But it is not the endgame. The biggest risk is the staying power of the US consumer. Courtesy of ever-rising home prices, in conjunction with easy and relatively costless access to home equity borrowing programs, US consumers turned into asset-dependent spending machines over the past six years even as the income-based personal saving rate plunged.

With the American consumer now losing support from both the housing and credit bubbles, consumption support to the aggregate US economy is likely to turn negative. Alas, the rest of the world, including China, must pay the price for it. In January and February, overall Chinese export growth slowed to an average 16.8 percent year-on-year - down from 25.7 percent increase in 2007.

In February, Chinese exports to the US fell to a level that was 5.2 percent below the pace of the year-earlier month; averaging over the first two months of the year, Chinese exports to the US were essentially unchanged - a dramatic deceleration from the 14.4 percent increase in 2007. Industrial output growth also slowed in early 2008.

As the US recession takes hold, further downward adjustments to the all-powerful Chinese export machine can be expected.

That is not necessarily bad news for an increasingly inflation-prone Chinese economy. With the CPI surging at 8.7 percent in February, the authorities have underscored the need for slower growth to cool an overheated economy. Ironically, a slowdown in external demand may help.

Globalization backlash

Equally disconcerting for an externally oriented Chinese economy are growing signs of a backlash against globalization. That has shown up most acutely in the form of an increasingly protectionist US Congress. If the US slips into recession in 2008, unemployment will rise - putting even more pressure on the protectionist "remedy".
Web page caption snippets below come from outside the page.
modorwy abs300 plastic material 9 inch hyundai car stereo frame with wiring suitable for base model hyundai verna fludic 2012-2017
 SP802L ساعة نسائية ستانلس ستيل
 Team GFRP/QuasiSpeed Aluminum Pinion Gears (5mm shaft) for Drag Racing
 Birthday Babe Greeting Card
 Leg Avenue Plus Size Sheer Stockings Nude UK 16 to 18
A weaker dollar has only increased the decibel level of the protectionist drumbeat. Moreover, with the dollar's latest downleg especially severe against the euro, European politicians have now jumped on the anti-China, renminbi appreciation bandwagon.

The rich countries have experienced a dramatic and disturbing deterioration in their income distribution. The resulting middle-class angst has triggered an outbreak of China bashing that might only get worse if America slips into recession.

Only a cycle

The world is hardly coming to an end. At work are the time-honored forces of the business cycle - driven in this case by the US recession that should inevitably be followed by recovery.

However painful, cyclical adjustments are also an opportunity. For China, it underscores the imperative of shifting its growth impetus to private consumption.

I am hopeful China will seize the moment and redouble its focus on reforms, especially those that provide support for a long-needed strain of consumer-led growth. Over the past 30 years, China has taken advantage of cyclical downturns to get its macro house in order. I suspect this will be another one of those times.